■ **DESCRIPTION OF THE TASK**
Where the listing below reaches the line containing "Lukket henger fra", start writing out lines exactly, and stop once the line containing "Golob Apartment Kranjska Gora Rum bild" has been written.

■ **DATA SUPPLIED**

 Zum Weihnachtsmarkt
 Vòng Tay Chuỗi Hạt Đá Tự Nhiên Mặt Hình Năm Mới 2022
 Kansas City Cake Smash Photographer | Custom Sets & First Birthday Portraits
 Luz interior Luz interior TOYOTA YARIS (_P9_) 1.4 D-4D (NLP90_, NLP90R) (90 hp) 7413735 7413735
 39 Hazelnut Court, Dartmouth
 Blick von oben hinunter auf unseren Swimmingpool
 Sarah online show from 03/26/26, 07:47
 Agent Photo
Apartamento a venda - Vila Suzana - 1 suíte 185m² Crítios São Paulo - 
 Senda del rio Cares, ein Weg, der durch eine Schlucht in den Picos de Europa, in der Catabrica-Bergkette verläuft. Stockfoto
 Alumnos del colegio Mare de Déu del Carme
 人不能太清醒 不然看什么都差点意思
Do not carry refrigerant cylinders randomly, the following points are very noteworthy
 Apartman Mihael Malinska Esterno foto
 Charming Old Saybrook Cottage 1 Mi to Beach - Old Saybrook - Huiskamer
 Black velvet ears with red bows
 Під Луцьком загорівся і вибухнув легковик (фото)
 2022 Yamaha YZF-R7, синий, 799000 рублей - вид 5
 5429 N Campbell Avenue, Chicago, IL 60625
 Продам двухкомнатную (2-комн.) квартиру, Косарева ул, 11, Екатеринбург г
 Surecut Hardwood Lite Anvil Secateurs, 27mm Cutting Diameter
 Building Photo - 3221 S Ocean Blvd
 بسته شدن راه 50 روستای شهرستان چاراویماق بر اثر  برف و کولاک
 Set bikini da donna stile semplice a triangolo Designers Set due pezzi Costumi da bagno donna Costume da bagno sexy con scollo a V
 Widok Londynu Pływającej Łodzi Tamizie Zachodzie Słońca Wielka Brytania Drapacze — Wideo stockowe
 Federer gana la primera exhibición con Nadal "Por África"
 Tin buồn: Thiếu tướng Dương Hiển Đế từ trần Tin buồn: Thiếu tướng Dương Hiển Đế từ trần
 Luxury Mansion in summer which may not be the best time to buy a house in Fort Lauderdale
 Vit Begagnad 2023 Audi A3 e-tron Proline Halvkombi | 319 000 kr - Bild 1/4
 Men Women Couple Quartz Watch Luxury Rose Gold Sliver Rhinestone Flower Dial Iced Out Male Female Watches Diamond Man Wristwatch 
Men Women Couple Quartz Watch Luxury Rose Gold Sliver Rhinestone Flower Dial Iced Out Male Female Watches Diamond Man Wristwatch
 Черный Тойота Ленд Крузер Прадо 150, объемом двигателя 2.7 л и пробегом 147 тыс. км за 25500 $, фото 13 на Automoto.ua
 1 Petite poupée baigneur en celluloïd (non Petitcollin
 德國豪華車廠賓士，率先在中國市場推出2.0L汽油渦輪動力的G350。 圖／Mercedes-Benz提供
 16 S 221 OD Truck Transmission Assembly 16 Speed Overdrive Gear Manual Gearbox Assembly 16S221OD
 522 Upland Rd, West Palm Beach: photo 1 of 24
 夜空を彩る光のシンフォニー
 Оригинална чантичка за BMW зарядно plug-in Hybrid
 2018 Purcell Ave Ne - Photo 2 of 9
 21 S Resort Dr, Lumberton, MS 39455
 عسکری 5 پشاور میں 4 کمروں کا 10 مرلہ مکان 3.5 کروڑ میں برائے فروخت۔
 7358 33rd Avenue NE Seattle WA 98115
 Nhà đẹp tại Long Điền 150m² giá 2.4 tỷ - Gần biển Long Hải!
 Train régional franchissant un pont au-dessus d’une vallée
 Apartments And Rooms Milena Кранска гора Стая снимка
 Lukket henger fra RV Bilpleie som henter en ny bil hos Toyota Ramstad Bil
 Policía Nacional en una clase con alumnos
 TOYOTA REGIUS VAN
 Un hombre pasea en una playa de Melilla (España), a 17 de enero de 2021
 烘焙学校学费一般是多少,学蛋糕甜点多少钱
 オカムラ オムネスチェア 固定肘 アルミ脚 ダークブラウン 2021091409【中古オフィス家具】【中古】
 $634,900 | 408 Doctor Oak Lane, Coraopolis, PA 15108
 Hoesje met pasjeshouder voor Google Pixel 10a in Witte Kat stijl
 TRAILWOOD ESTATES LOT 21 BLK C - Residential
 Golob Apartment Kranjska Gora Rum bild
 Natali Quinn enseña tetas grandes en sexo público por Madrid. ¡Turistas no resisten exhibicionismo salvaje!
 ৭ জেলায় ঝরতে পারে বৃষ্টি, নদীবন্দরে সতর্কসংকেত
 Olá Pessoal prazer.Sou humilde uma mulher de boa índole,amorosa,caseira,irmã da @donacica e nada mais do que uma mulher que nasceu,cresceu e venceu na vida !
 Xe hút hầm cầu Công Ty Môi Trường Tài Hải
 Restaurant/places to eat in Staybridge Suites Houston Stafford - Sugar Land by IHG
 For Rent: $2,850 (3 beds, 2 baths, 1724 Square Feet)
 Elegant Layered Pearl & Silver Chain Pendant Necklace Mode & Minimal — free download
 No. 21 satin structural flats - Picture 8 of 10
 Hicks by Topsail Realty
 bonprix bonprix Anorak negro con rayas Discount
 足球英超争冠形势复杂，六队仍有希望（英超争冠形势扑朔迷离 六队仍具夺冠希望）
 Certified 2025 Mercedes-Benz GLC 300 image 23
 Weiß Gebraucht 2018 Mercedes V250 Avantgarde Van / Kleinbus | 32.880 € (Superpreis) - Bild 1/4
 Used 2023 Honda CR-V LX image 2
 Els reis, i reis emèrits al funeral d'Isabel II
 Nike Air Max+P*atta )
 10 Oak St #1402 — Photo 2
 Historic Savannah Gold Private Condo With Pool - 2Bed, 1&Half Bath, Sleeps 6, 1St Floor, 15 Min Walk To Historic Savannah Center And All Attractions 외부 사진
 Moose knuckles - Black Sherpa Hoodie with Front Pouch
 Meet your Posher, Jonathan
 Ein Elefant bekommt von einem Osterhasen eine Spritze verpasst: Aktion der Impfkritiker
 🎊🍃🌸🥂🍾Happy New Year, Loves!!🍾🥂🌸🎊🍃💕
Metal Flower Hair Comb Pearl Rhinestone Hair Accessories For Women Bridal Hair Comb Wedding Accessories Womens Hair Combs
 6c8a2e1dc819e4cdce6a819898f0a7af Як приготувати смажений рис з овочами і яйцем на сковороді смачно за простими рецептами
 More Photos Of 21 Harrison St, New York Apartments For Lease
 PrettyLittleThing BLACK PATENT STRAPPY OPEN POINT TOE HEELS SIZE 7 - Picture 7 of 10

■ **SOLUTION FOR THIS EXERCISE**
 Lukket henger fra RV Bilpleie som henter en ny bil hos Toyota Ramstad Bil
 Policía Nacional en una clase con alumnos
 TOYOTA REGIUS VAN
 Un hombre pasea en una playa de Melilla (España), a 17 de enero de 2021
 烘焙学校学费一般是多少,学蛋糕甜点多少钱
 オカムラ オムネスチェア 固定肘 アルミ脚 ダークブラウン 2021091409【中古オフィス家具】【中古】
 $634,900 | 408 Doctor Oak Lane, Coraopolis, PA 15108
 Hoesje met pasjeshouder voor Google Pixel 10a in Witte Kat stijl
 TRAILWOOD ESTATES LOT 21 BLK C - Residential
 Golob Apartment Kranjska Gora Rum bild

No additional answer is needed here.